Checklists are also useful in data science projects. Following our checklist below, your projects will be:

Presentable: Makes the difference between a project that forms a valuable part of your portfolio and a project that makes people question your ability.
Best practice software engineering techniques are being followed.
Reproducible: Others can run your code and get the same results.
Accessible: Others can use your results and insights.
Extensible Others can build on your work.

Tested

Tests are a valuable software engineering practice that all data scientists should use.

Testing code has a number of benefits:

tell you if something breaks,
make you write better code,
help others understand your code,
document expected behaviour of your code.

A useful form of testing are in-line assert statements.
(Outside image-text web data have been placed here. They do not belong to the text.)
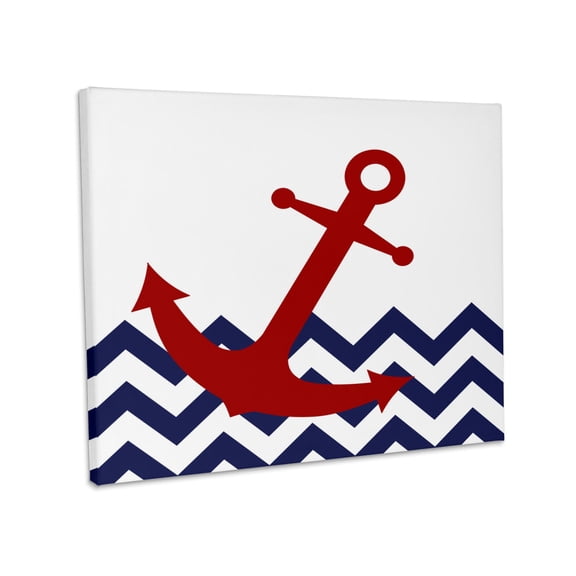 3dRose, Red Nautical Boat Anchor on Chevron Pattern, Museum Grade Canvas Wrap 20x16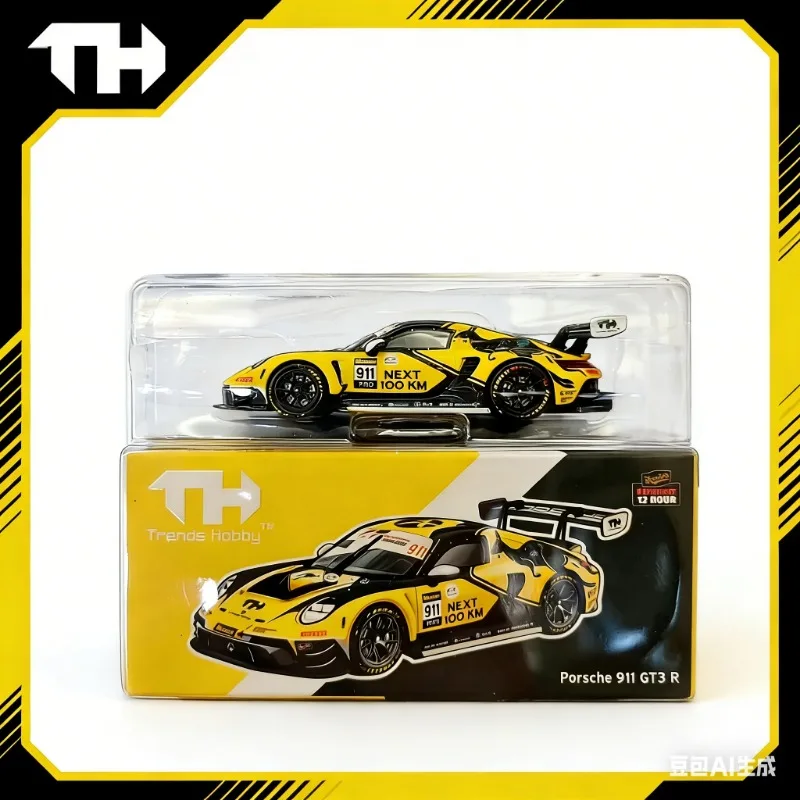 

Trends Hobby Suzhou Exhibition 1:64 911 GT3 R Alloy Cast Car Model Festival gift figurines Simulated Display Piece
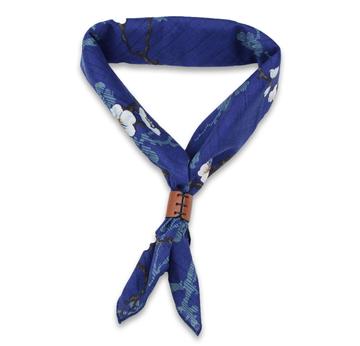 OBERWEIHER | Bandana + Leather Ring | Plum Tree Branch On Blue | Artikelnummer: 2468-4344-3502
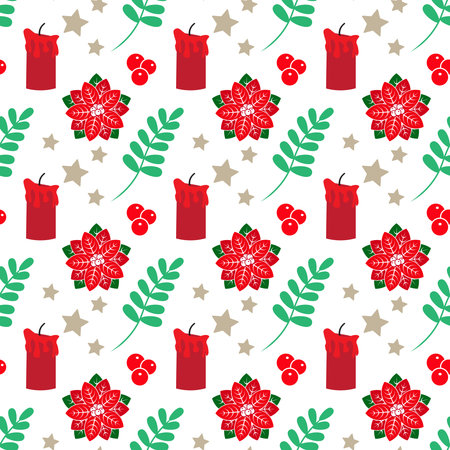 Christmas Seamless Pattern Design . Vector Illustration.のイラスト素材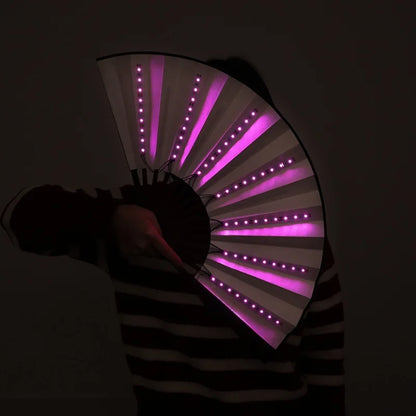Bar FaninsGlowing Disco Fan Trendy Electronic Music Festival Party Performance Prop Flashing Folding Fan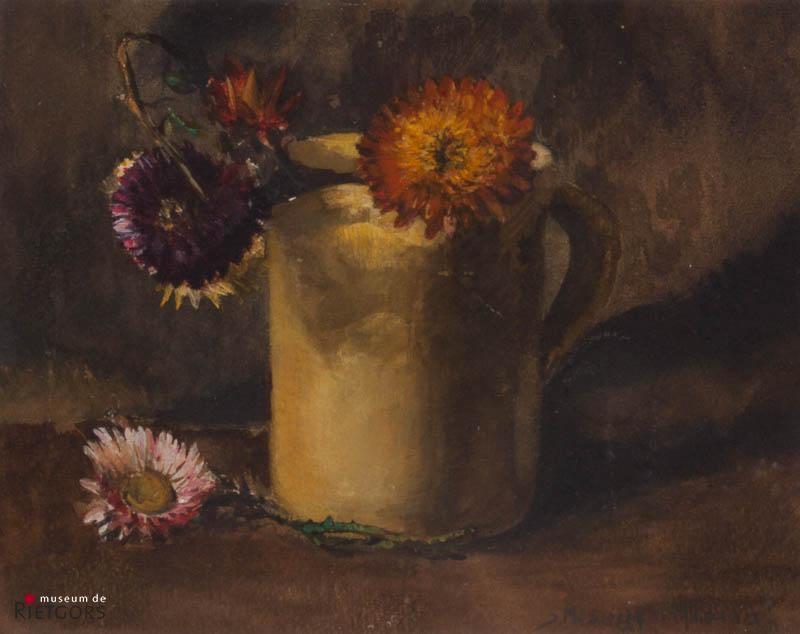 "S. Mesdag-van Houten (1834-1909)" - Mok met bloemen. Ges. R.O.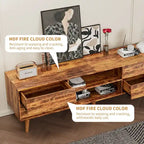63 Vintage TV Stand with Shelves & Drawers for 60 TVs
For example after splitting a dataset into test & train sets, we might want to check that our test set is smaller than our test set:

te, tr = split_dataset(data)
assert te.shape[0] < tr.shape[0]

This will fail if the something is wrong - much better than a comment that sits silently and watches the world burn.
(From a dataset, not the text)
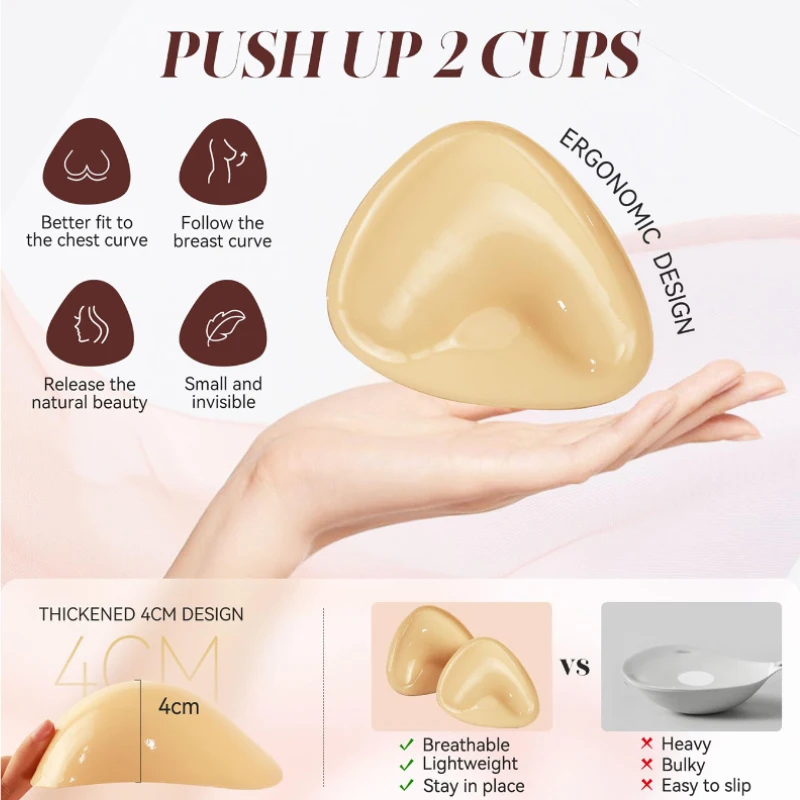 Kave 1/2 Pairs Double Sided Sticky Bra - Invisible Adhesive Bra Pads Inserts, Push up for Bikini Swimsuit Strapless Dresses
More extensive testing of behaviour can be done using a test suite. Seeing a test suite in a data science project helps improve the confidence that users have in your work. This isn’t to say that testing can prove correctness (it can’t), but tests are a sign that a data scientist has some level of software engineering education.

src.py

def my_complex_function():
    return super_secret_algorithm()

tests.py

from src import my_complex_function

def test_my_complex_function():
    assert my_complex_function() == expected_result

We can then run this test suite using:

$ pytest tests.py

Styled

Part of making your code accessible is formatting in a style that people expect - for Python this means following PEP8. Code style is somewhat arbitrary - this doesn’t mean it’s not important. The fact that we drive on one side of the road is also arbitrary!

Code style is important - it allows your reader to quickly understand what your code is doing. You introduce a lot of mental overhead if you format in inconsistent or unexpected ways.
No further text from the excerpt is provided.